Les politiques apparaissent aujourd’hui fondés à demander une revue exhaustive des risques concernant chacun des milliers d’individus fichés pour radicalisation islamiste.

La troisième catégorie à risque est celle des personnes déjà condamnées pour terrorisme qui seront libérées dans les mois et années à venir. Pour celles-ci, si un suivi socio-judiciaire n’a pas été prononcé, il reste néanmoins un outil dans le droit pénal: la surveillance judiciaire créée en 2008, que l’on pourrait modifier afin de l’adapter au cas des condamnés pour actes terroristes.

Reste les questions de l’opportunité de procéder de la sorte par rapport au travail de renseignement et de l’arbitrage à faire entre le principe de précaution qui commande de mettre hors d’état de nuire des personnes dangereuses et la nécessité de garder “vivantes” les cibles des services de renseignement pour ne pas se couper de l’information. Cela ne peut se décider qu’au cas par cas. Mais le penchant naturel d’un service de renseignement de ne pas “cramer” ses capteurs doit se concilier avec la nécessité de définir une politique publique préventive en matière de risques identifiés. En clair, les décideurs politiques apparaissent aujourd’hui fondés à demander une revue exhaustive des risques concernant chacun des milliers d’individus fichés pour radicalisation islamiste et, le cas échéant, leur traitement judiciaire ou administratif en urgence.

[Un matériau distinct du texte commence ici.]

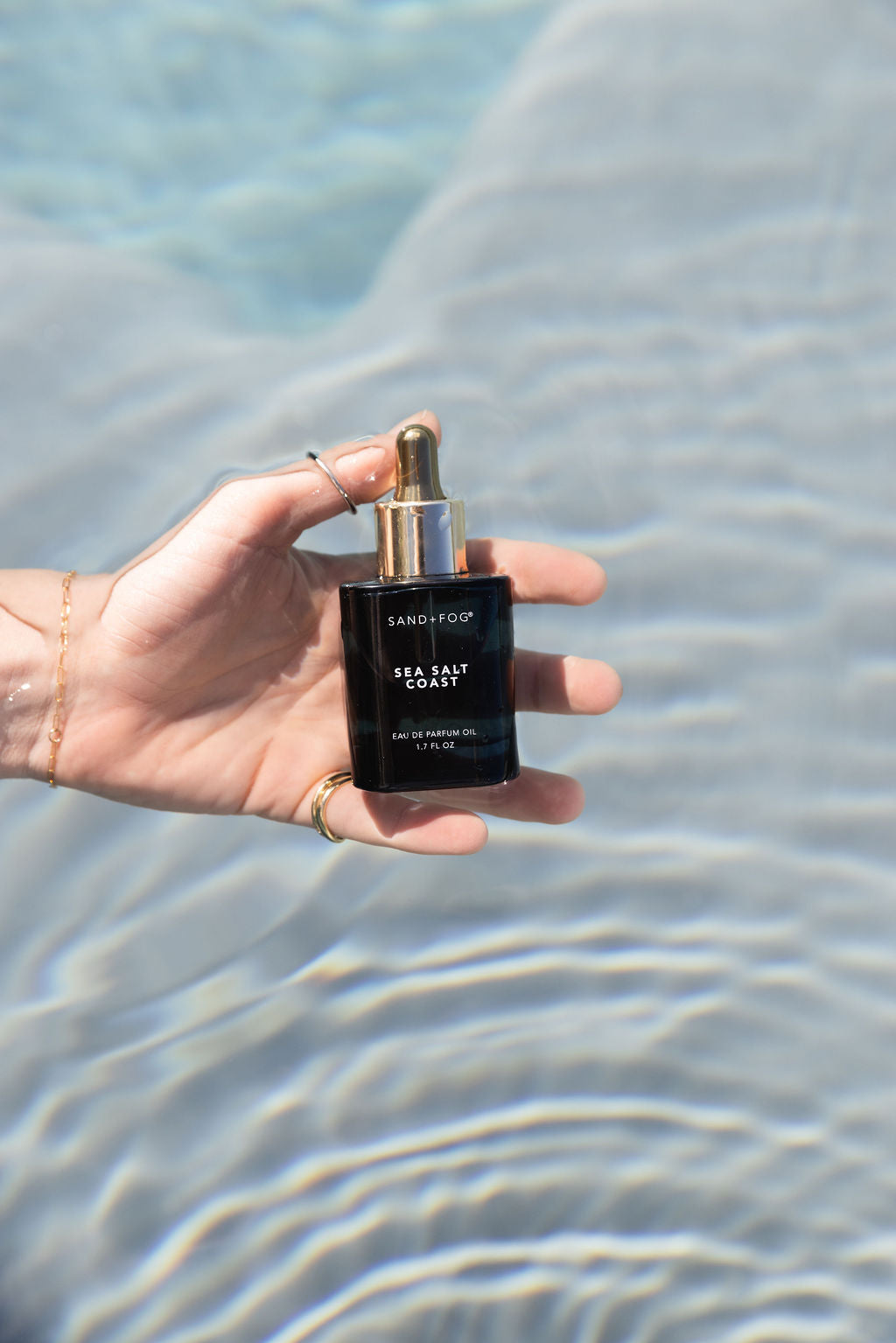 Luxurious Sea Salt Coast 50 ml Perfume Oil Dropper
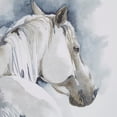 thumbnail image 4 of Madison Park Derby 37.18"W x 25.18"H x 2"D Hand Embellished Horse Framed Canvas Wall Art in Blue, 4 of 8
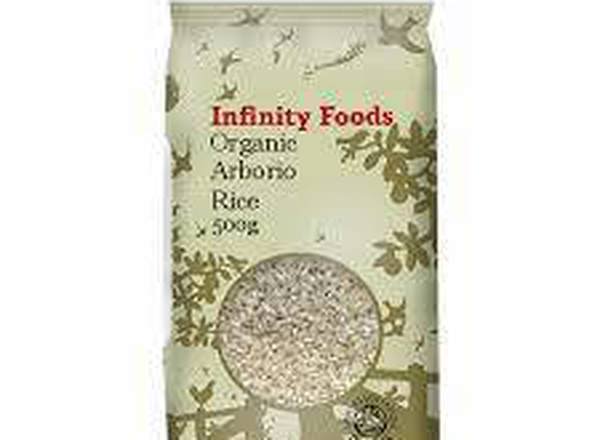 Infinity Foods Arborio Rice - white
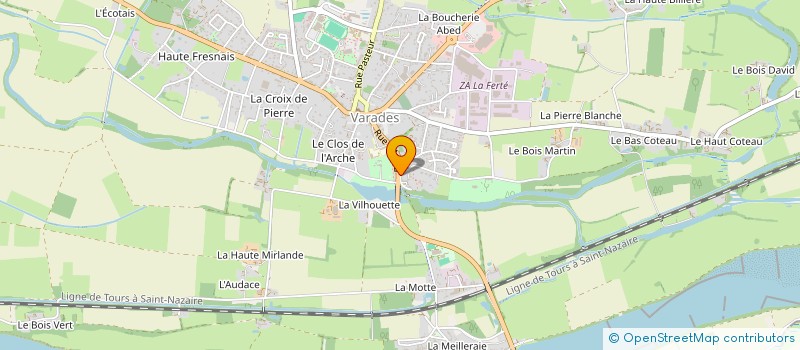 localisation de l'entreprise MONSIEUR CONSTANTIN RESMIVES  LOIREAUXENCE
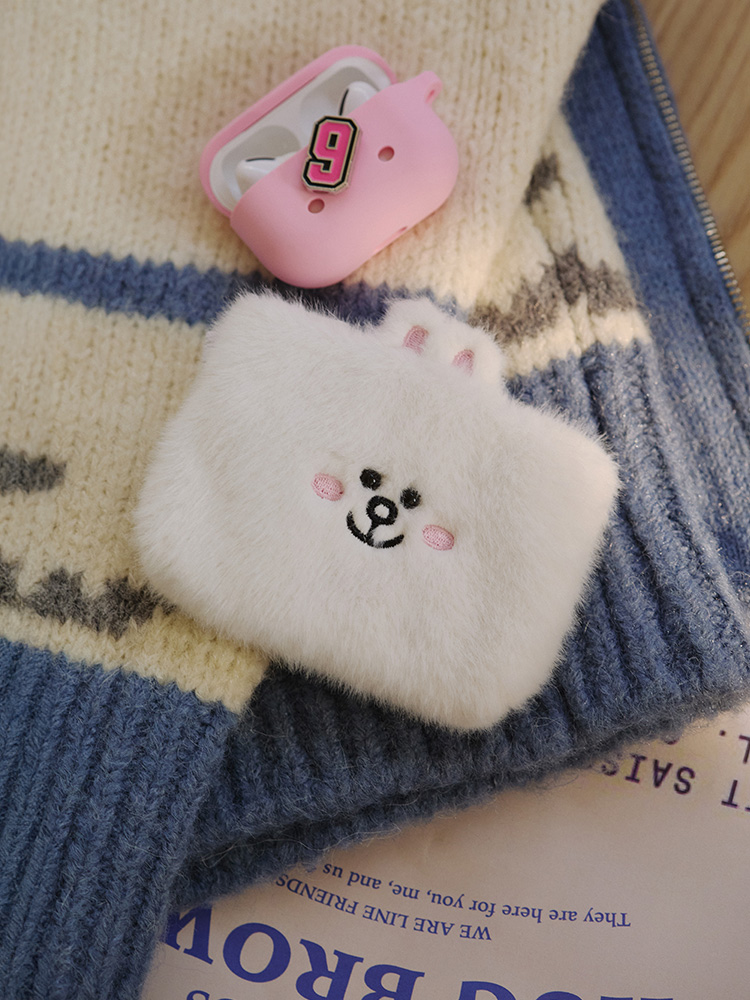 ぬいぐるみカードケース(HUG BROWN) コニー | LINE FRIENDS 公式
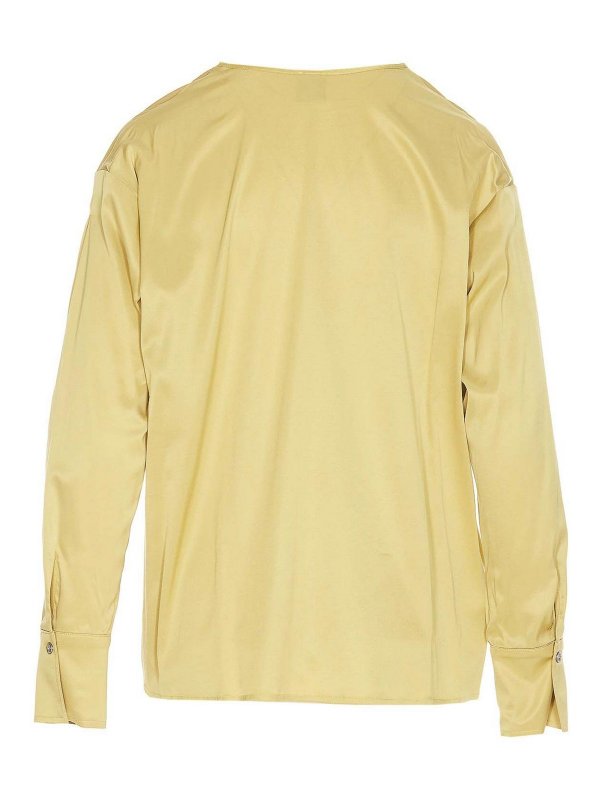 Pinko: クルーネック online - クルーネック - イエロー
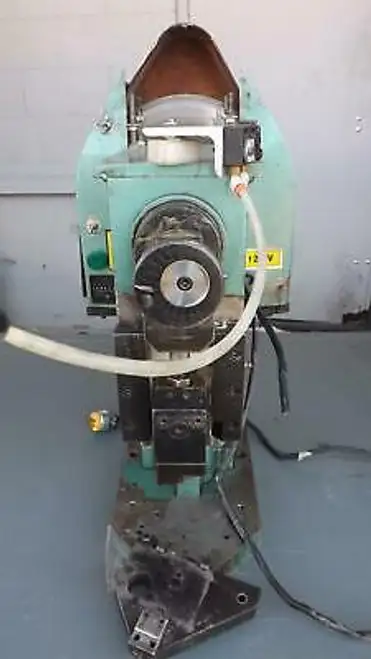 Komax Alpha Punch Press T31430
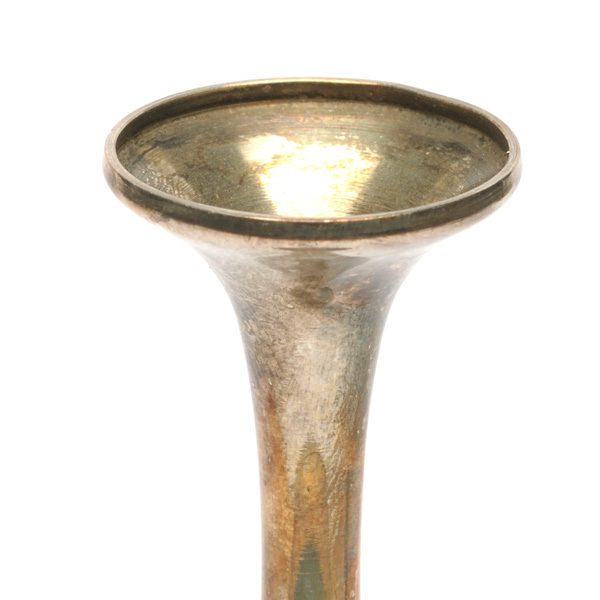picture shows stethoscope ear trumpet @ EarTrumpets.com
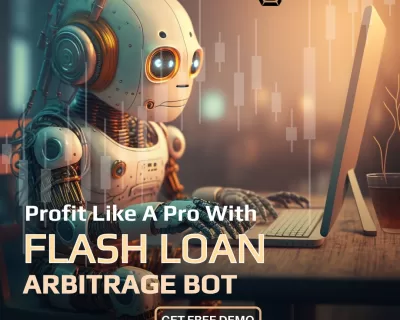 Flash loan arbitrage bot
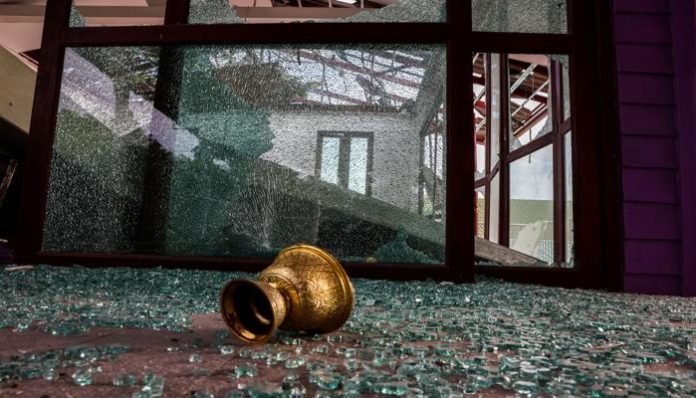 Aftermath of Cambodia attack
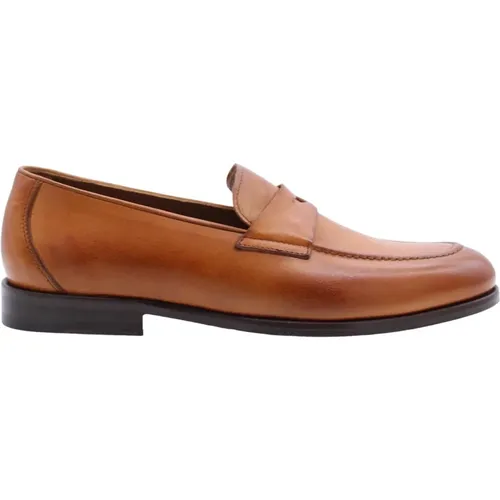 Classic Vino Loafers , male, Sizes: 8 1/2 UK, 7 UK - Flecs - Modalova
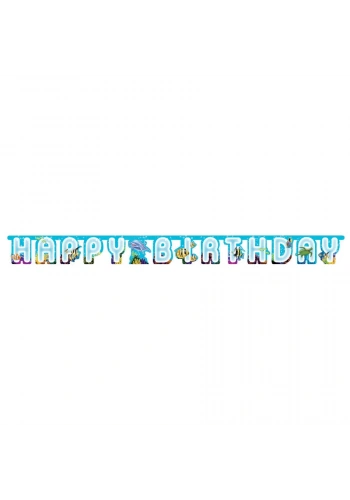 Okyanus Partisi Harf Afiş 220 cm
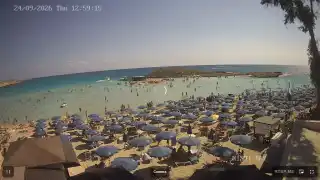 Thumbnail September 24, 2026 11:00 Ayia Napa Cyprus - Nissi Beach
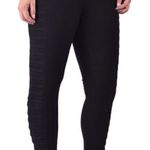 Ethyl Clothing Emmie moto leggings 8 Black Photo 0
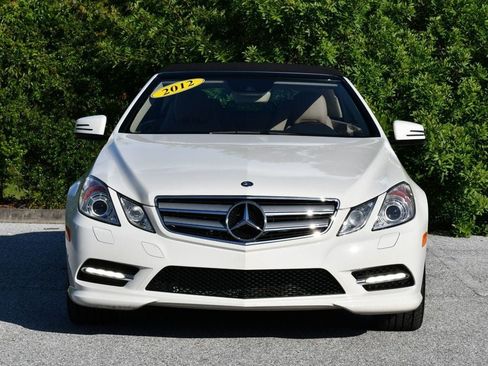 Used 2012 Mercedes-Benz E 550 Cabriolet w/ Appearance Pkg image 51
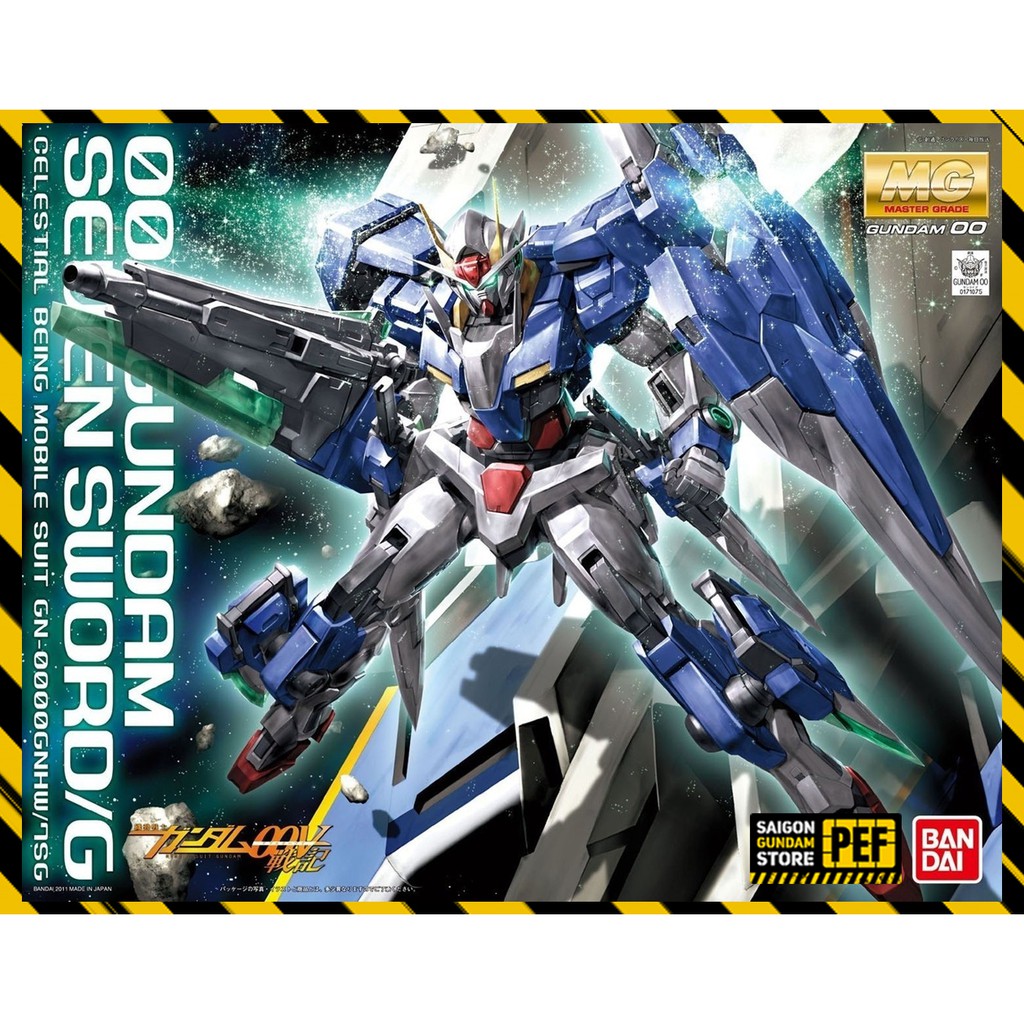 MÔ HÌNH LẮP RÁP MG BANDAI SEVEN SWORD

Les outils juridiques existent déjà pour ce faire, y compris “l’internement” de ces individus sous la forme plus nuancée de la fixation de la résidence du condamné en un lieu déterminé par la justice, qui peut être un centre spécialisé créé par l’autorité administrative. Et dans le respect du principe qui fait de l’autorité judiciaire la gardienne des libertés.